Memorandum by Professor Tony Prosser, University of Bristol


  The inquiry by the Committee is most welcome. Although, as I suggest below, I do not consider the structure and performance of the regulators to be seriously unsatisfactory, it is evident that in the UK we have lacked general principles against which to assess the structure and performance of non-ministerial regulatory bodies. Moreover there has been a substantial process of learning and development in their legal duties and procedures with the establishment of successive regulatory authorities. As a result we have very different legal models for different regulatory bodies, and the opportunity to stand back and perhaps to suggest models of best practice is very much to be applauded.

  I shall concentrate in my evidence on the legal structures and accountability of regulators as this is where my expertise lies, and shall not attempt to answer all the questions put forward.

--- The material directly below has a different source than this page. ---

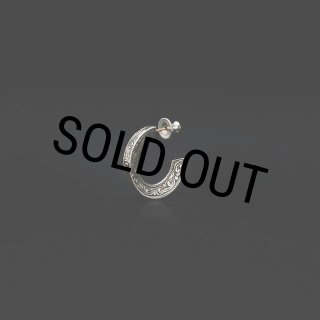 ANTIDOTE BUYERS CLUB/Engraved Triangle Earring（Silver） - JONAS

The development of the law has been highly pragmatic; we do not yet have any equivalent, for example, of the Administrative Procedure Act in US Federal law which imposes obligations such as consultation in rule-making and formal procedures in adjudication applying to agencies in general. Nor do we yet have an administrative law as developed as that of service public in France, setting out principles on matters such as access to public services which could form the basis for regulatory decisions. However, currently some equivalent principles are being developed by the UK courts (such as the development of the principle of lack of proportionality as a ground for judicial review) and also by government itself through the "Better Regulation" initiatives. These have improved the requirements for consultation and reason-giving considerably; another effect is likely however, to be greater use of challenge of regulatory decisions in the courts.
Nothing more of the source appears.